- _Exercise goal_
Nothing but the images is to be left out of your exact copy of the entries.

- _Exercise inputs_
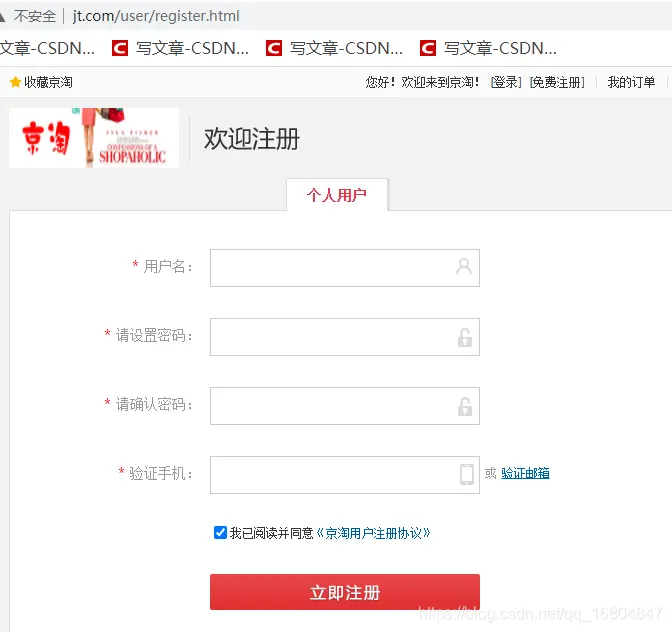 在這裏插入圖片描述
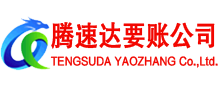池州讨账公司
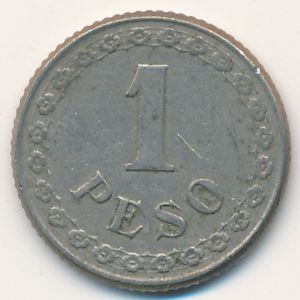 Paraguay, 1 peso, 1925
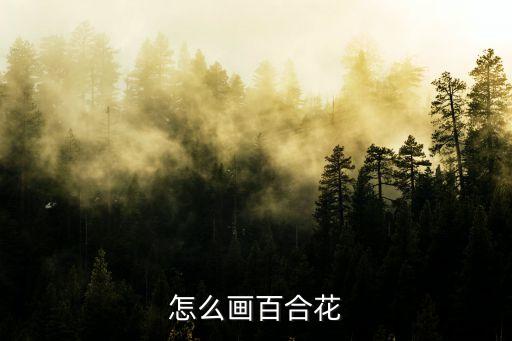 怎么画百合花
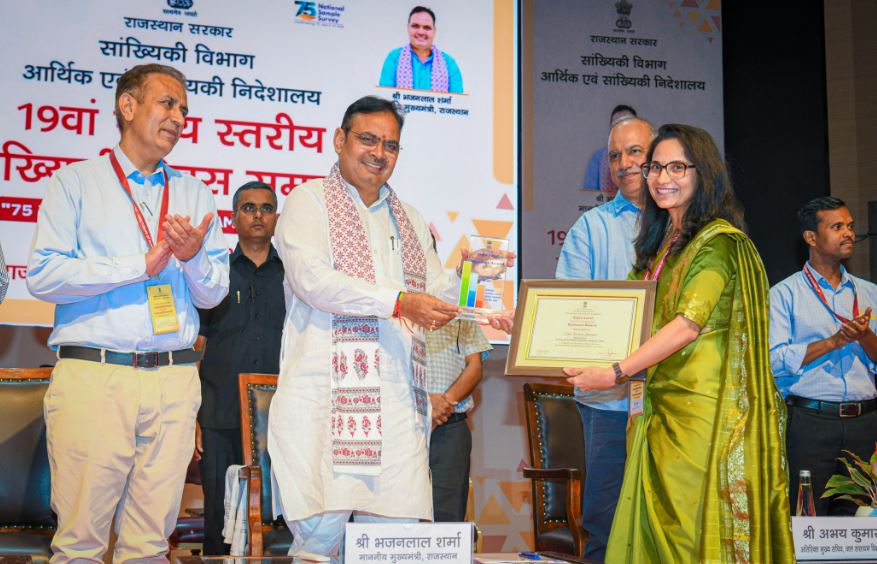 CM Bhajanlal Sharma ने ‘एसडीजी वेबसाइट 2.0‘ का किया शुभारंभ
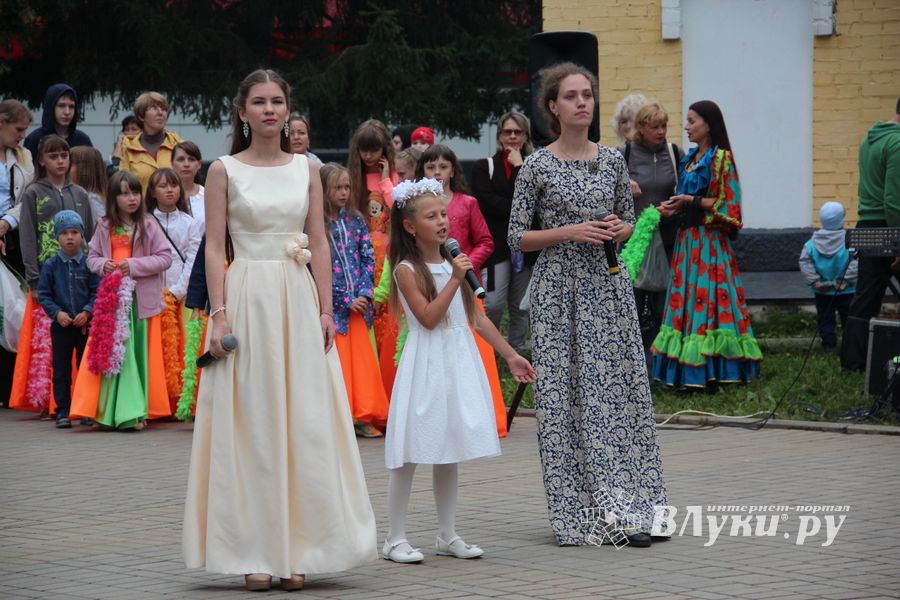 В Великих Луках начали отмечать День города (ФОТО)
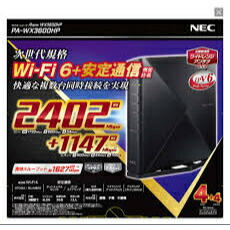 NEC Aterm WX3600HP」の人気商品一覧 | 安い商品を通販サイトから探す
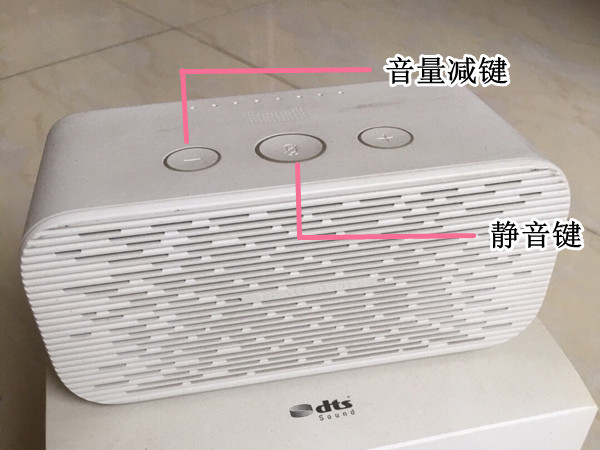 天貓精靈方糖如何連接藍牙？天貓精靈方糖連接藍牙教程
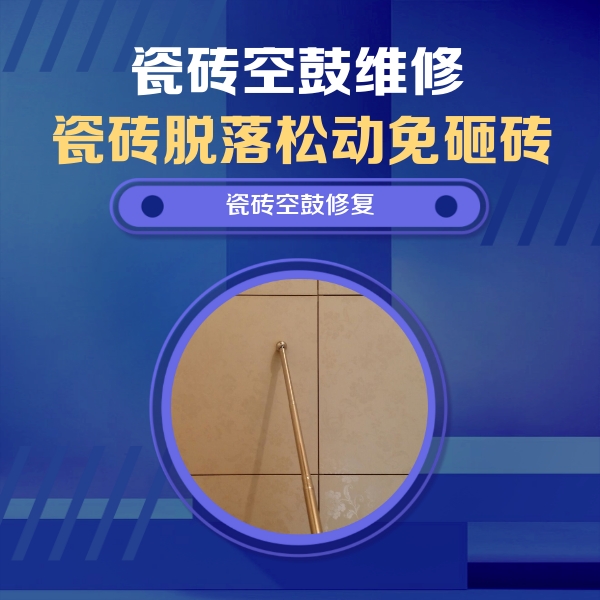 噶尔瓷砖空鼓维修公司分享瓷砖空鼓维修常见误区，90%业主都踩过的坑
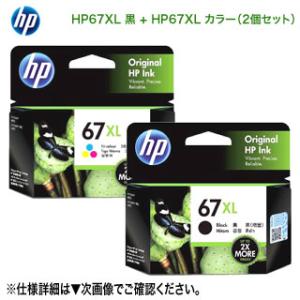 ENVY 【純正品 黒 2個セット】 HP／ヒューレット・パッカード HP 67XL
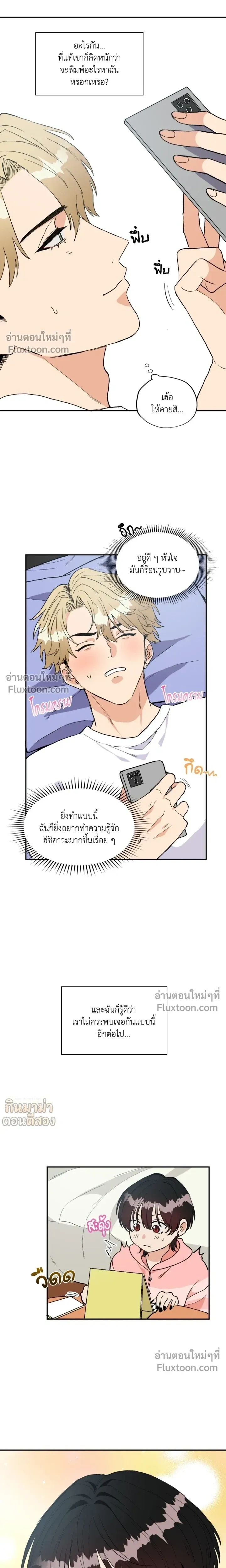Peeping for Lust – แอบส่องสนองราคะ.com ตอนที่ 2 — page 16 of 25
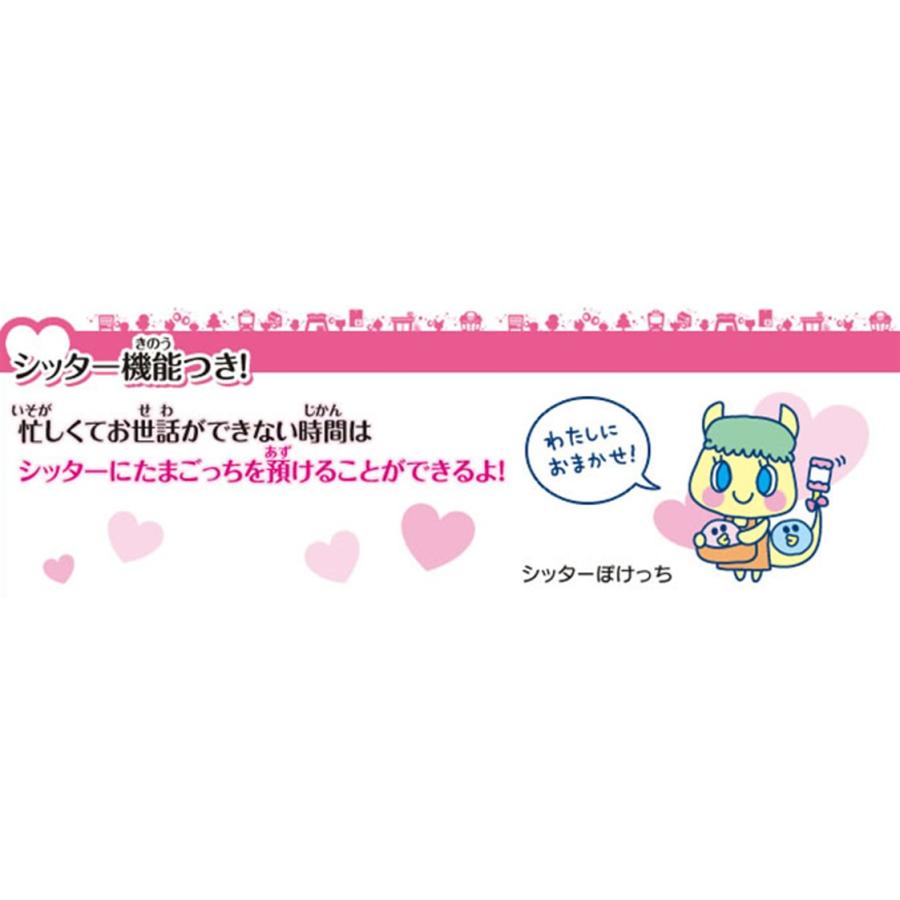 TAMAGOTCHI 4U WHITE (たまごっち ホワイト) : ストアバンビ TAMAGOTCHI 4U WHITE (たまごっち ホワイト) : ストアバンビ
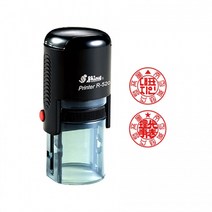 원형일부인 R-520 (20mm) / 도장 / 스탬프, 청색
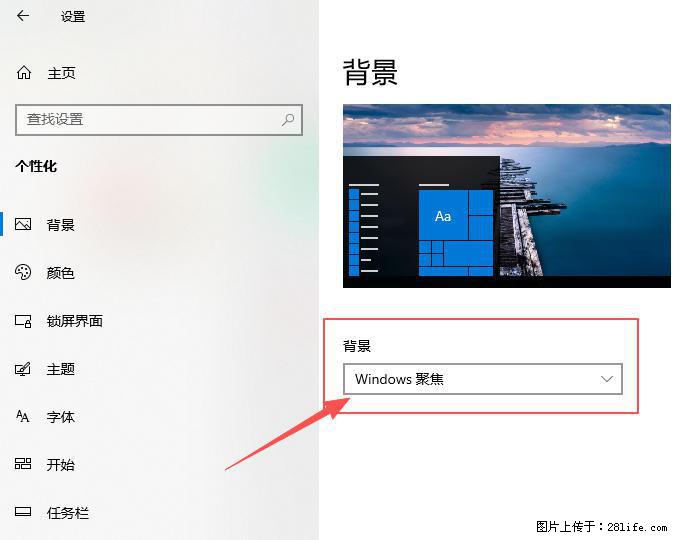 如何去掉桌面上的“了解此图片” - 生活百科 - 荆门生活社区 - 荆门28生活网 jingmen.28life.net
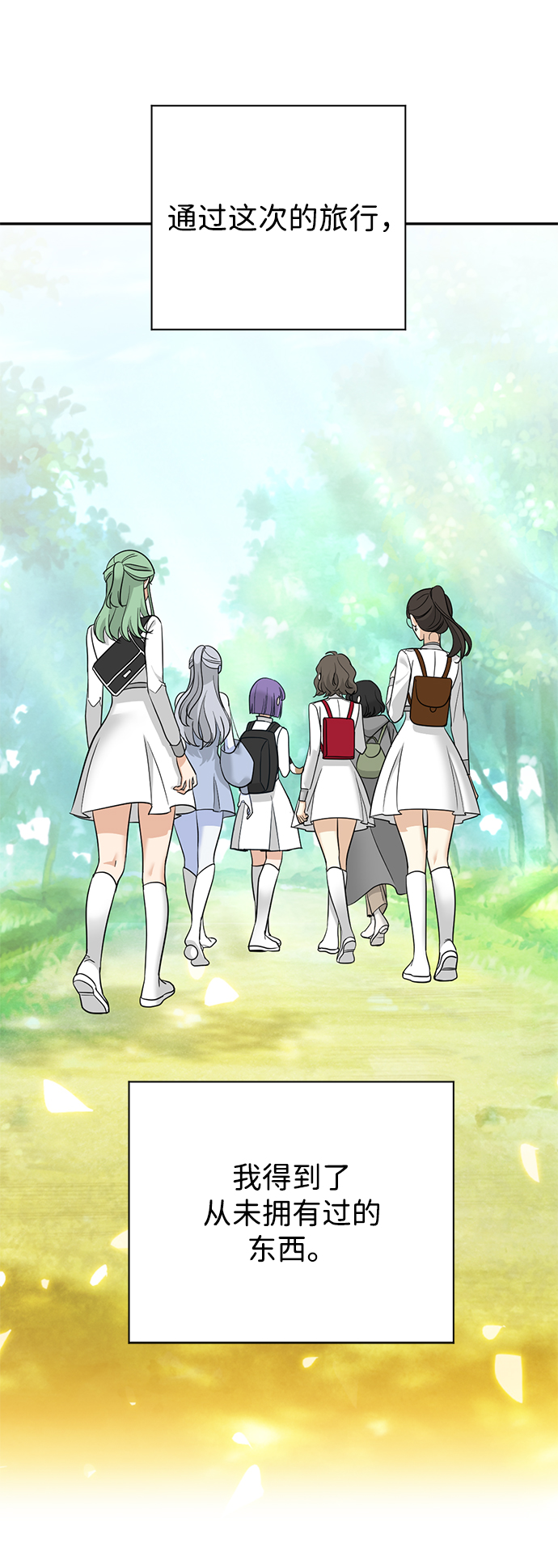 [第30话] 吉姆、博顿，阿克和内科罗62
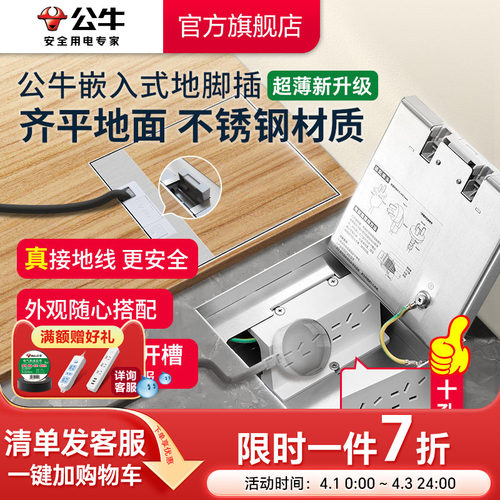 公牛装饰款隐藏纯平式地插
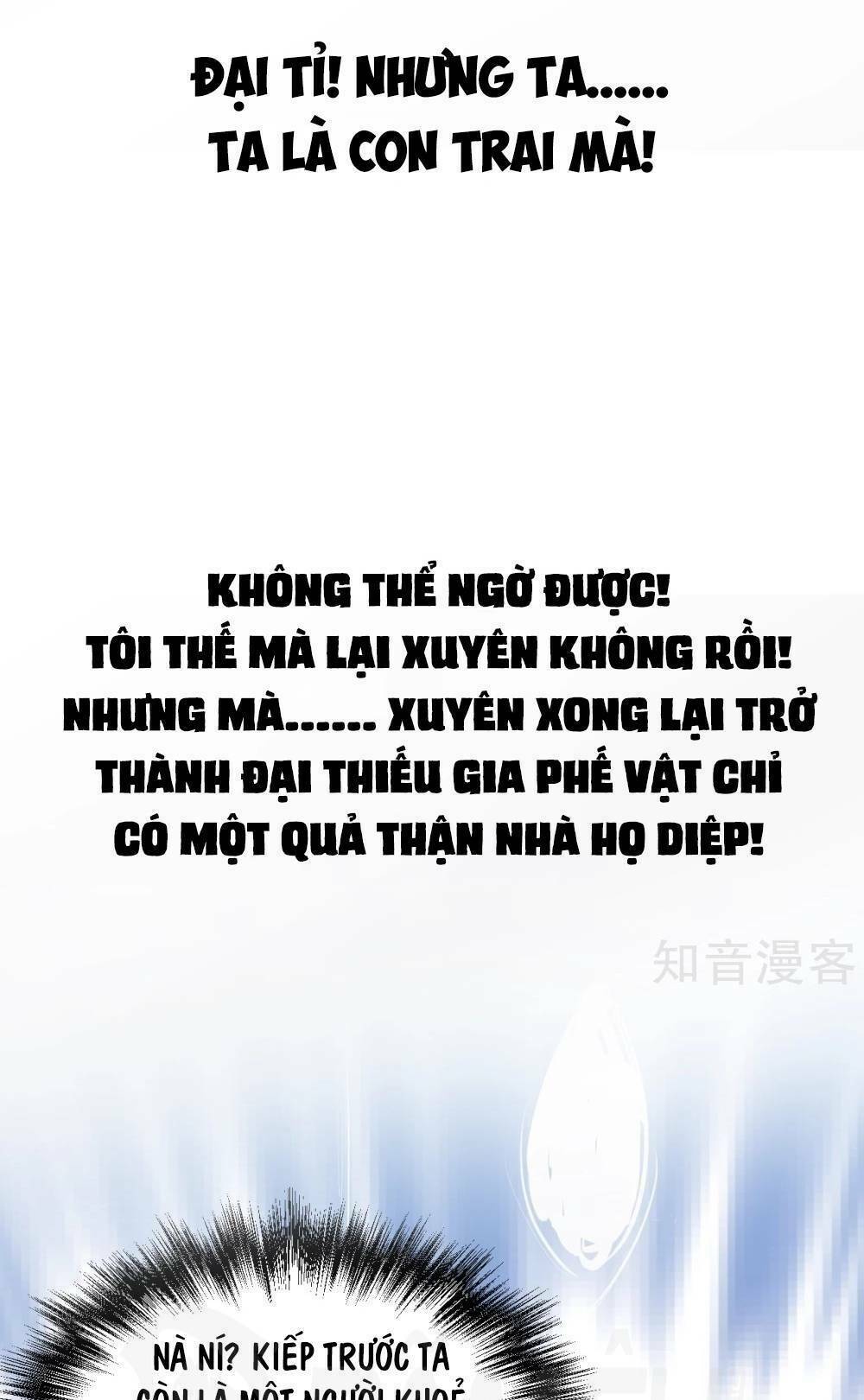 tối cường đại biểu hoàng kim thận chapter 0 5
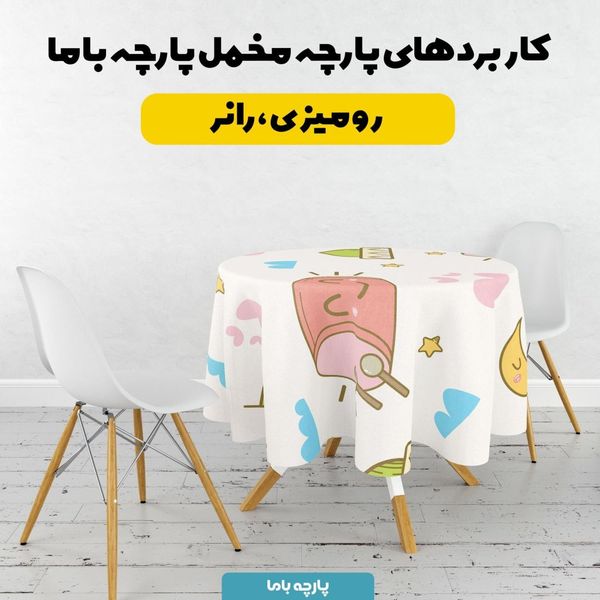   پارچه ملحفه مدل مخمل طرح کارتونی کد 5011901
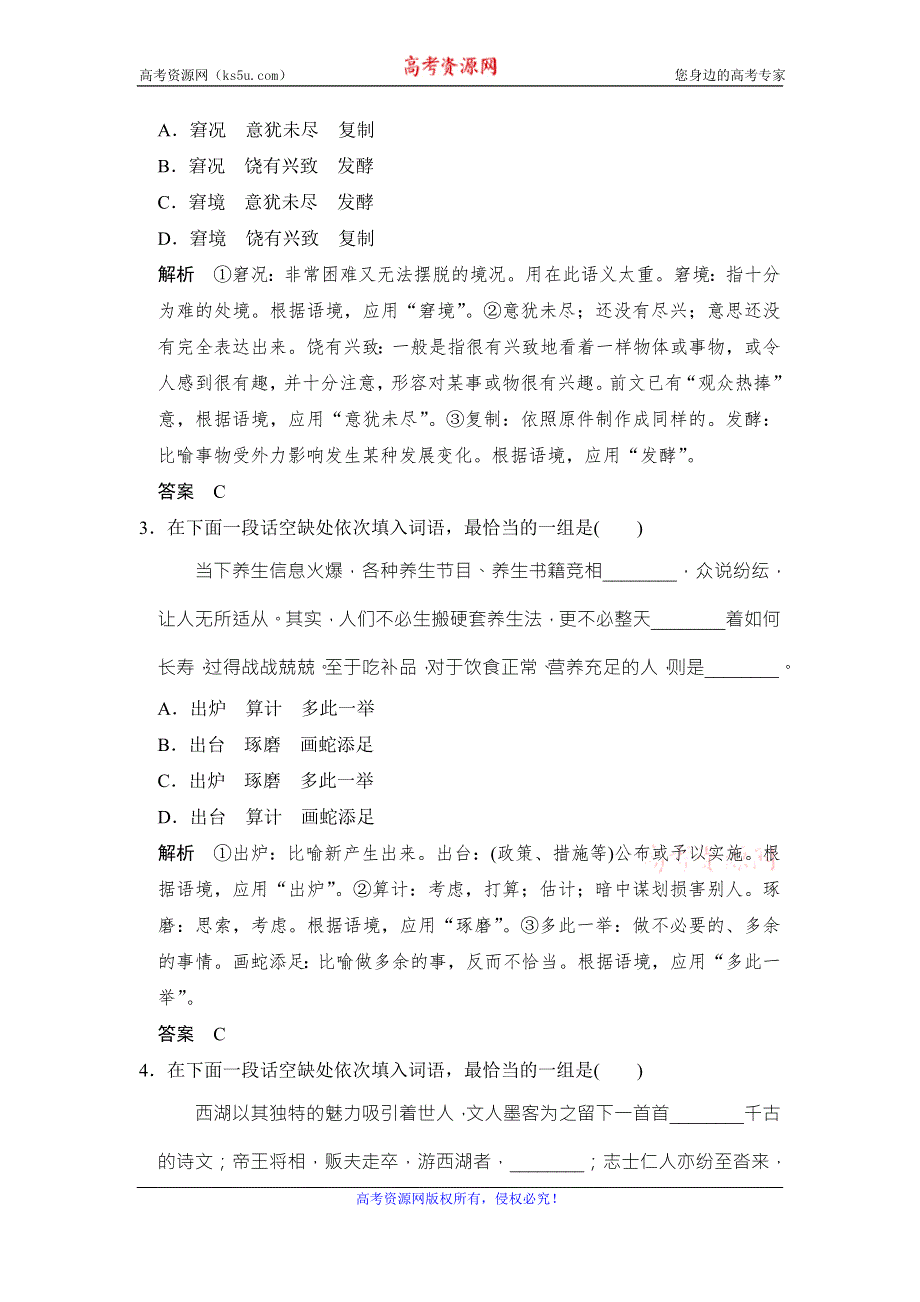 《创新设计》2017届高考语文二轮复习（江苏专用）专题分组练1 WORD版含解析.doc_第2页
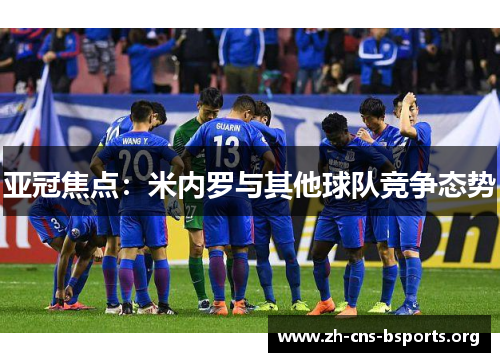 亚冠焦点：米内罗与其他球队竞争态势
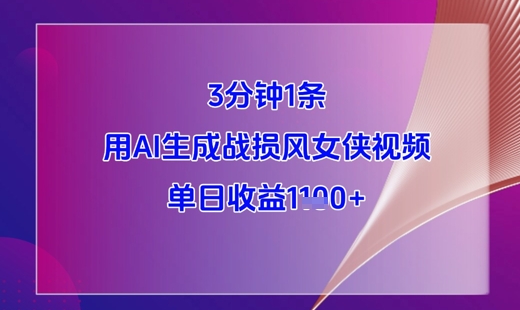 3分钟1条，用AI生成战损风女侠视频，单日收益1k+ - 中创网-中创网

- _Answer_
 在這裏插入圖片描述
池州讨账公司
 Paraguay, 1 peso, 1925
 怎么画百合花
 CM Bhajanlal Sharma ने ‘एसडीजी वेबसाइट 2.0‘ का किया शुभारंभ
 В Великих Луках начали отмечать День города (ФОТО)
 NEC Aterm WX3600HP」の人気商品一覧 | 安い商品を通販サイトから探す
 天貓精靈方糖如何連接藍牙？天貓精靈方糖連接藍牙教程
 噶尔瓷砖空鼓维修公司分享瓷砖空鼓维修常见误区，90%业主都踩过的坑
 ENVY 【純正品 黒 2個セット】 HP／ヒューレット・パッカード HP 67XL
Peeping for Lust – แอบส่องสนองราคะ.com ตอนที่ 2 — page 16 of 25
 TAMAGOTCHI 4U WHITE (たまごっち ホワイト) : ストアバンビ TAMAGOTCHI 4U WHITE (たまごっち ホワイト) : ストアバンビ
 원형일부인 R-520 (20mm) / 도장 / 스탬프, 청색
 如何去掉桌面上的“了解此图片” - 生活百科 - 荆门生活社区 - 荆门28生活网 jingmen.28life.net
 [第30话] 吉姆、博顿，阿克和内科罗62
 公牛装饰款隐藏纯平式地插
 tối cường đại biểu hoàng kim thận chapter 0 5
   پارچه ملحفه مدل مخمل طرح کارتونی کد 5011901
 《创新设计》2017届高考语文二轮复习（江苏专用）专题分组练1 WORD版含解析.doc_第2页
 亚冠焦点：米内罗与其他球队竞争态势
 3分钟1条，用AI生成战损风女侠视频，单日收益1k+ - 中创网-中创网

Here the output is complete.